Trevis Jackson

UC Santa Cruz Banana Slugs
- Title: Assistant coach
- League: Coast to Coast Athletic Conference

Personal information
- Born: September 14, 1995 (age 30) Sacramento County, California, U.S.
- Nationality: Filipino / American
- Listed height: 5 ft 11 in (1.80 m)
- Listed weight: 170 lb (77 kg)

Career information
- High school: Santa Monica (Santa Monica, California)
- College: Sacramento State (2013–2017)
- NBA draft: 2017: undrafted
- PBA draft: 2018: 1st round, 5th overall pick
- Drafted by: Meralco Bolts
- Playing career: 2019–2022
- Position: Point guard

Career history

Playing
- 2019–2021: Meralco Bolts
- 2021–2022: Rain or Shine Elasto Painters
- 2022: Blackwater Bossing

Coaching
- 2023–present: UC Santa Cruz (assistant)

= Trevis Jackson =

Filipino-American basketball player

Trevis Aundrell Tedios Jackson (born September 14, 1995) is a Filipino-American professional basketball coach and former player in the Philippine Basketball Association (PBA). Jackson is currently an assistant coach for the UC Santa Cruz Banana Slugs of the Coast to Coast Athletic Conference.

==Professional career==
Jackson was drafted fifth overall by the Meralco Bolts during the 2018 PBA draft.

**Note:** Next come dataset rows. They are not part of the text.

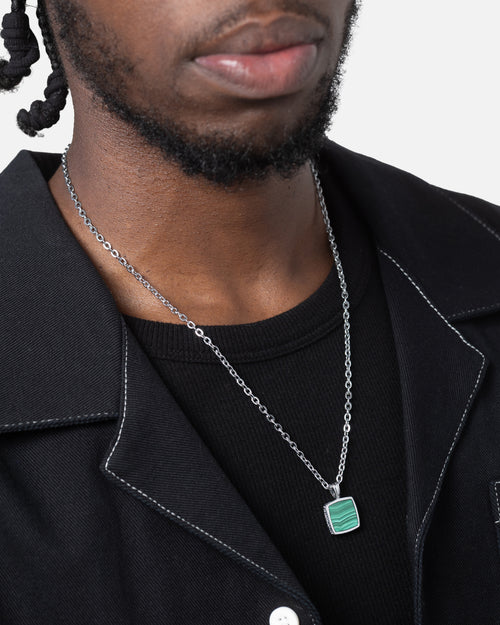 Saint Morta Malachite Pendant Chain White Gold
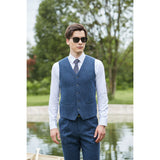 Blue Herringbone Tweed 3 Piece Suit - Yoosuitan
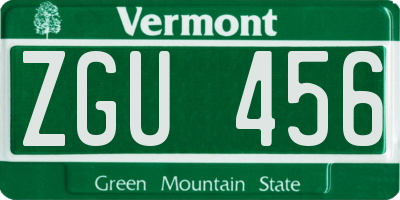 VT license plate ZGU456
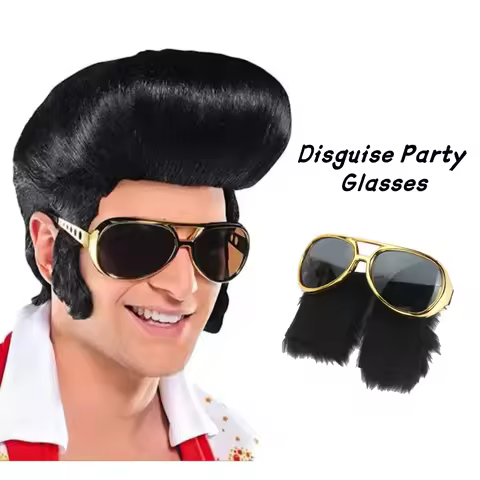 70s Disco Party Disguise Glasses Funny Beard Glasses Movie Role-playing Elvis Prom Funny Glasses Cosplay Dress Up Rock Party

On December 4, 2021, he was traded to the Rain or Shine Elasto Painters for Franky Johnson.

In June 2022 while he was still a free agent, Jackson played 3x3 for Pretty Huge in a regional tournament in Thailand.

On September 20, 2022, Jackson signed with the Blackwater Bossing.

==PBA career statistics==

===Season-by-season averages===

| Year | Team | GP | MPG | FG% | 3P% | FT% | RPG | APG | SPG | BPG | PPG |
| 2019 | Meralco | 35 | 11.0 | .375 | .403 | .722 | 1.1 | 1.2 | .3 | .1 | 3.7 |
| 2020 | Meralco | 14 | 8.0 | .405 | .353 | .333 | 1.2 | .7 | .1 | .1 | 2.6 |
| 2021 | Meralco | 23 | 10.4 | .341 | .292 | .667 | 1.1 | .7 | .2 | .0 | 1.9 |
Rain or Shine
| 2022–23 | Blackwater | 12 | 20.1 | .408 | .344 | .800 | 1.8 | 1.2 | .8 | .0 | 6.4 |
| Career |  | 84 | 11.6 | .382 | .364 | .700 | 1.2 | 1.0 | .3 | .1 | 3.4 |

==Personal life==
His cousin, DeSean, is an American football wide receiver.